Task to carry out: For this exercise, retype every record below exactly and keep the pictures out.
_ _ _ _
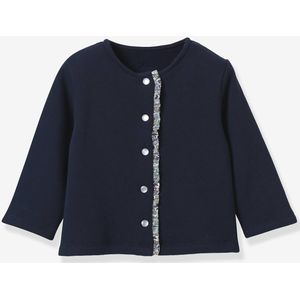 Vestje van biologisch katoenen sweatstof baby CYRILLUS marineblauw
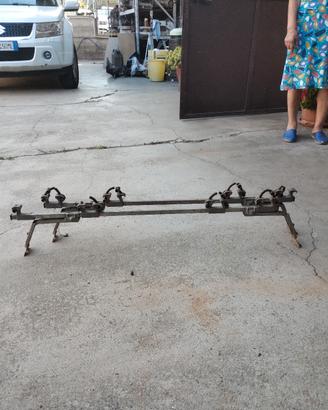 Portapacchi vintage con porta sci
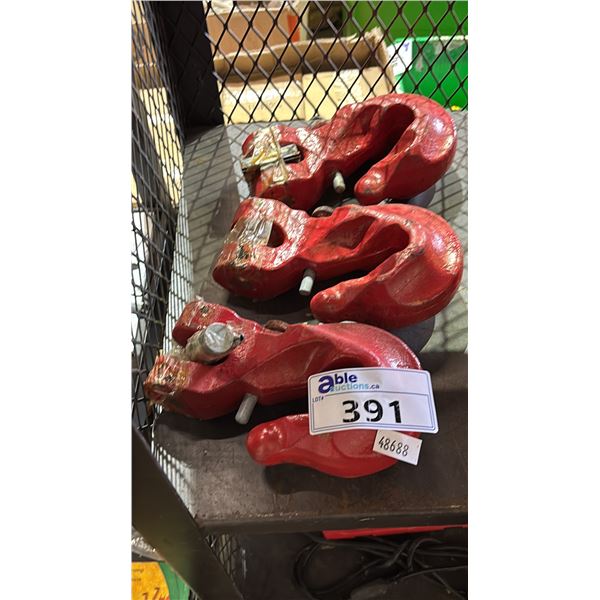 HEAVY DUTY INDUSTRIAL RED HOOKS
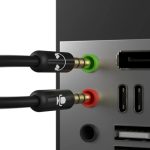 Adapter, 3,5mm Jack - 2X 3,5MM jack (mikrofon , füles)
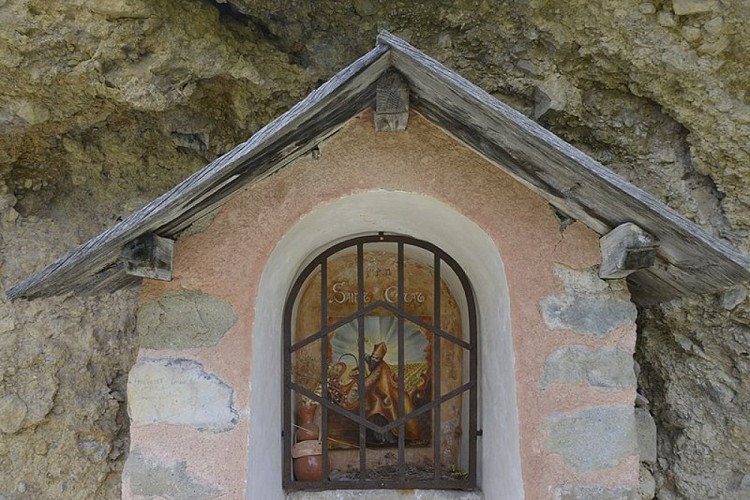 L'Oratoire St Grat à Péone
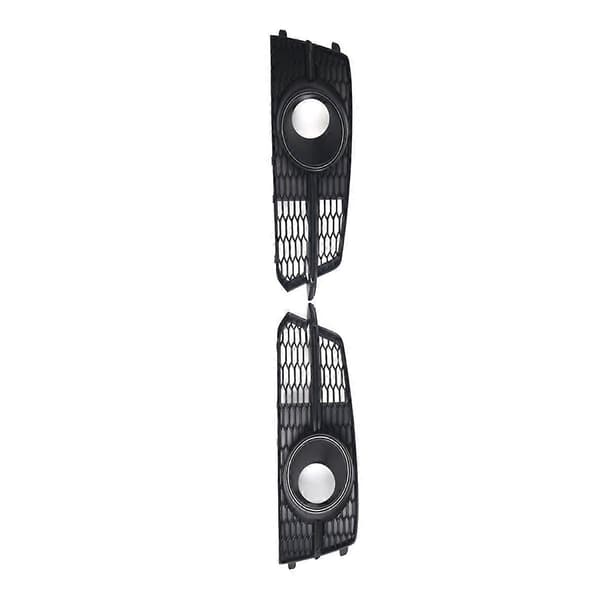 Bil Front Tåkelys Deksel Trim for S6 A6 2015 -2018 (C7 Facelift) med ACC Hull Tåkelys Grill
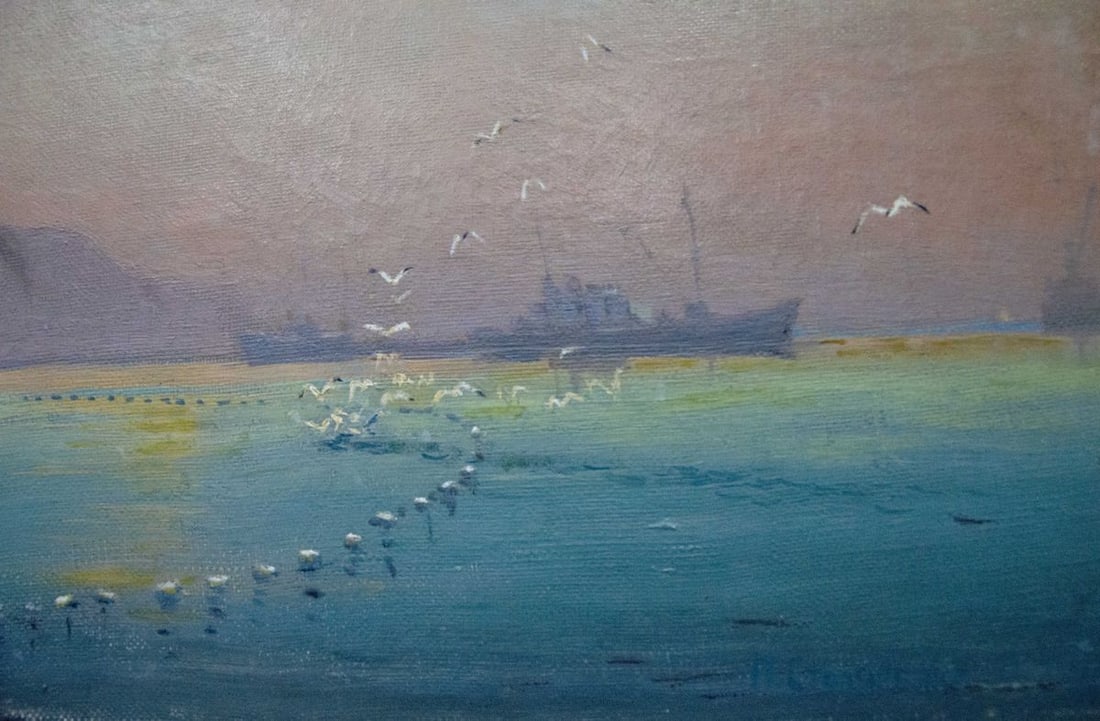 Oil painting Ship Peter Kuzmich Stolyarenko - 5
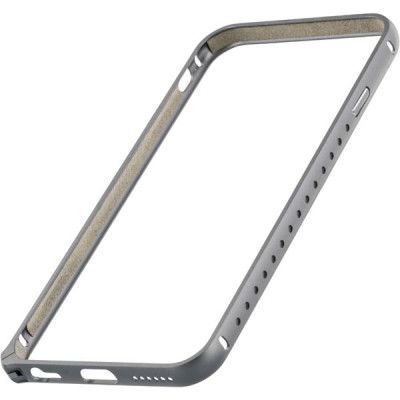 STREETZ aluminium bumper för iPhone 6 / 6S matt yta, grå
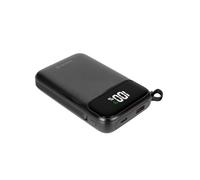 Powerbank MagSafe 10000mAh Câbles USB-C + Lightning intégrés Ecran LCD Noir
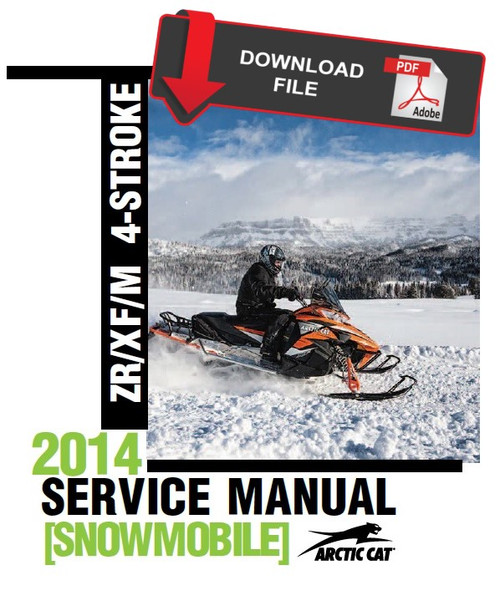 Arctic Cat 2014 M 9000 Sno Pro 162 Service Manual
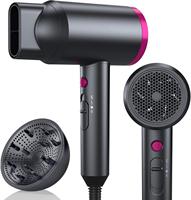 Sèche-cheveux brosse pliable infrarouge à capuche avec diffuseur pour cheveux, ensemble professionnel de chauffage pour salon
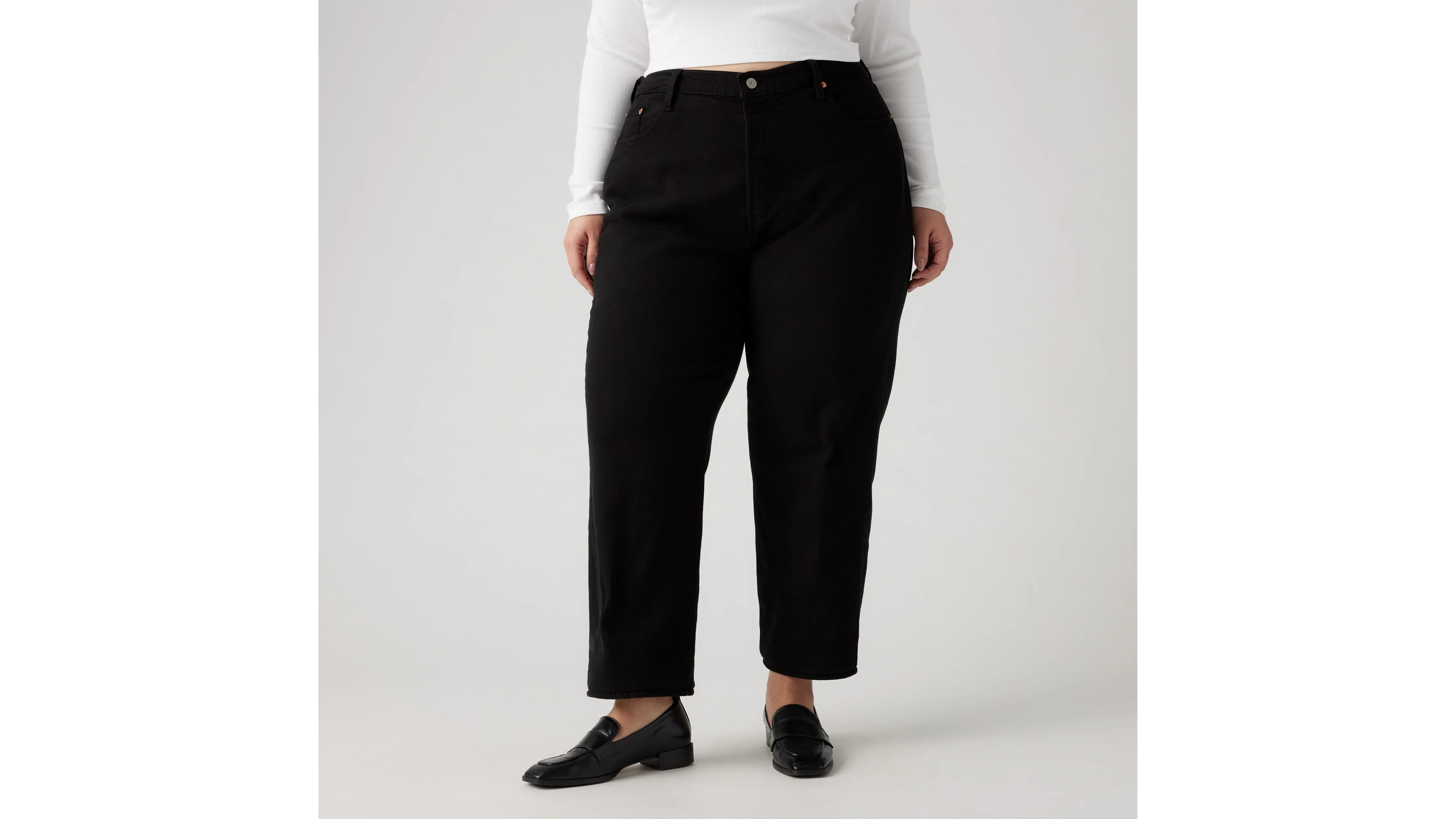 Levi’s® Women's Ribcage Straight Ankle Jeans (Plus Size) - Image 5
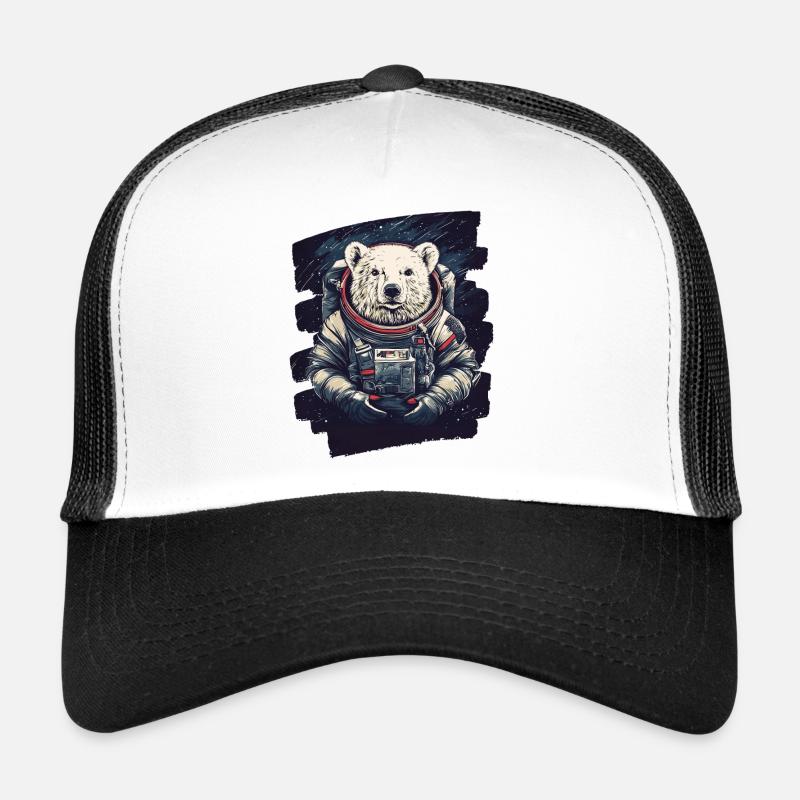 Polar Bear Astronaut Trucker Cap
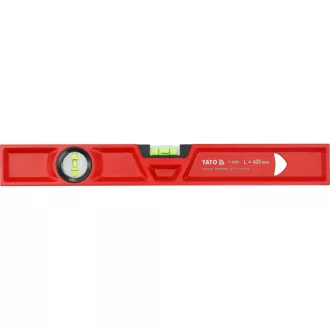 YATO Wasserwaage 2 Libellen 400 mm magnetisch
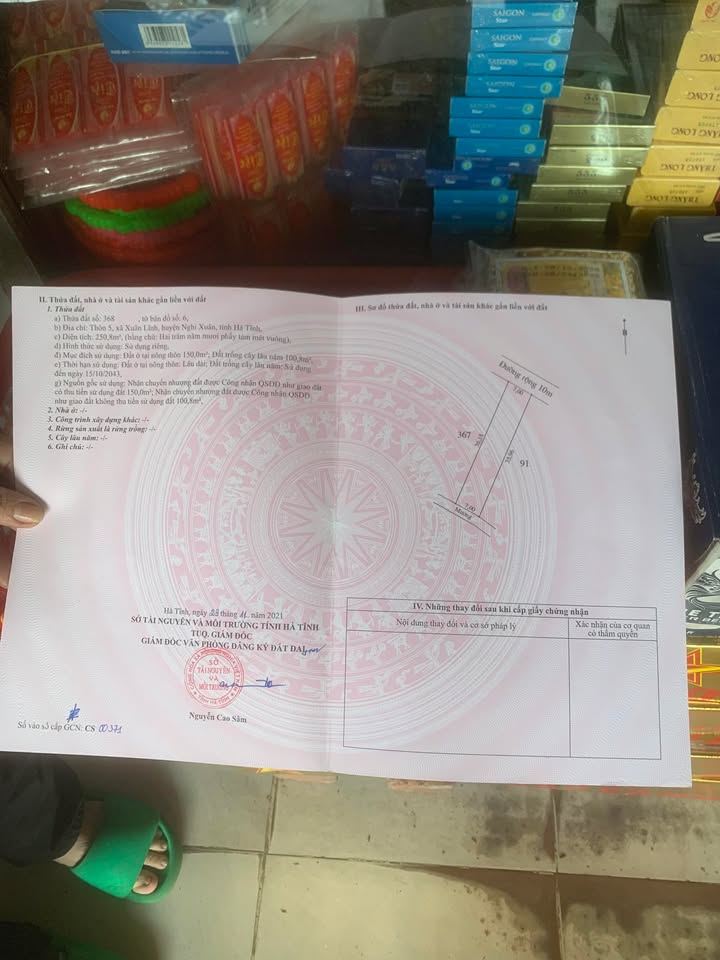 Đất nền thôn 5 Xuân Lĩnh, Nghi Xuân 250m² giá 1 tỷ - Đầu tư sinh lời ngay!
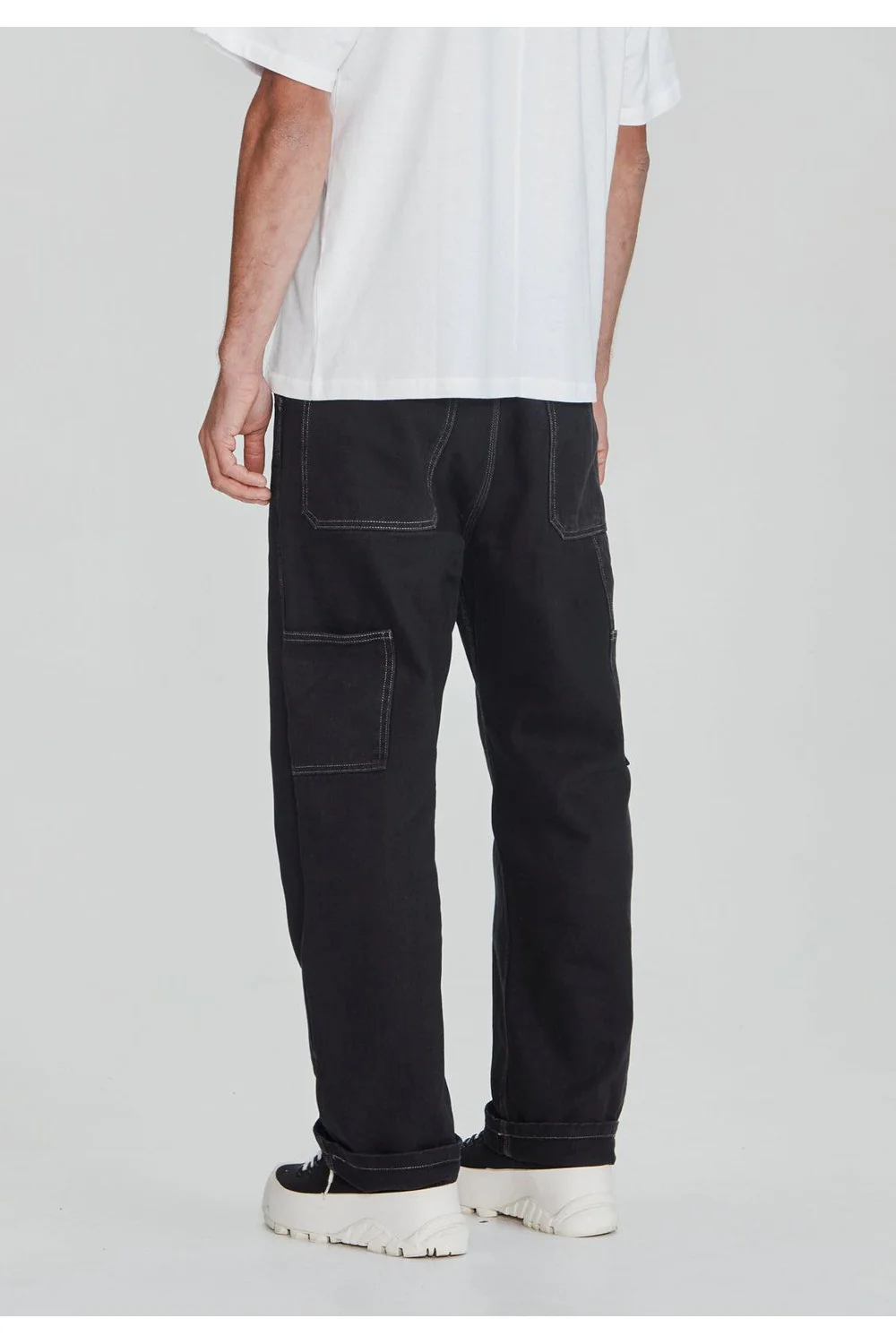 Commoners Mens Carpenter Pant Vintage Black - Image 4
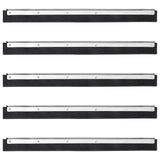 VidaXL floor wiping heads 5 st 45.5x2x5 cm steel and rubber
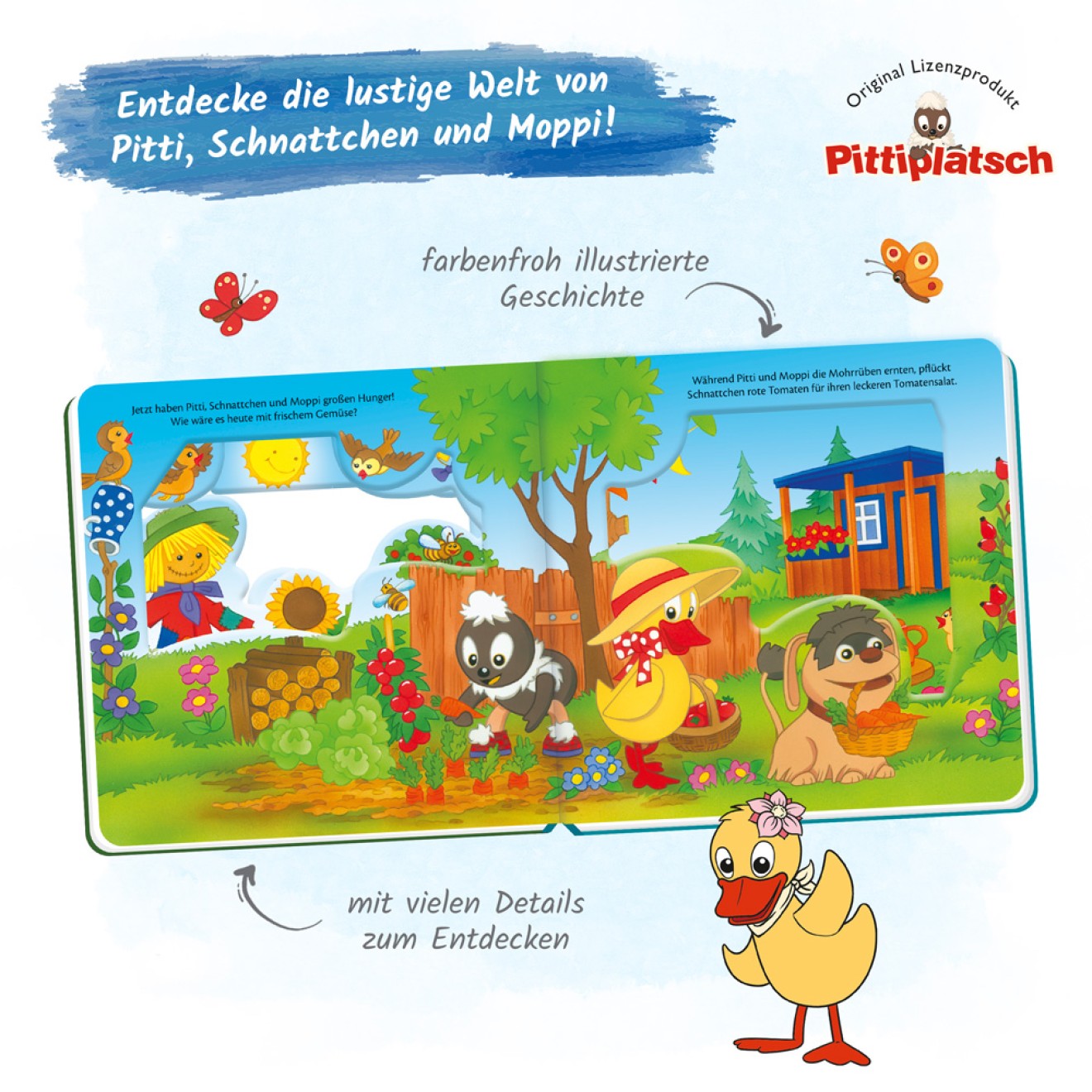 UNSER SANDMÄNNCHEN Fensterbuch "Pittiplatsch"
_ _ _ _
Written answer:
 Vestje van biologisch katoenen sweatstof baby CYRILLUS marineblauw
 Portapacchi vintage con porta sci
 HEAVY DUTY INDUSTRIAL RED HOOKS
 Adapter, 3,5mm Jack - 2X 3,5MM jack (mikrofon , füles)
 L'Oratoire St Grat à Péone
 Bil Front Tåkelys Deksel Trim for S6 A6 2015 -2018 (C7 Facelift) med ACC Hull Tåkelys Grill
 Oil painting Ship Peter Kuzmich Stolyarenko - 5
 STREETZ aluminium bumper för iPhone 6 / 6S matt yta, grå
 Powerbank MagSafe 10000mAh Câbles USB-C + Lightning intégrés Ecran LCD Noir
 Arctic Cat 2014 M 9000 Sno Pro 162 Service Manual
 Sèche-cheveux brosse pliable infrarouge à capuche avec diffuseur pour cheveux, ensemble professionnel de chauffage pour salon
 Levi’s® Women's Ribcage Straight Ankle Jeans (Plus Size) - Image 5
 Polar Bear Astronaut Trucker Cap
 YATO Wasserwaage 2 Libellen 400 mm magnetisch
 Đất nền thôn 5 Xuân Lĩnh, Nghi Xuân 250m² giá 1 tỷ - Đầu tư sinh lời ngay!
 Commoners Mens Carpenter Pant Vintage Black - Image 4
 VidaXL floor wiping heads 5 st 45.5x2x5 cm steel and rubber
 UNSER SANDMÄNNCHEN Fensterbuch "Pittiplatsch"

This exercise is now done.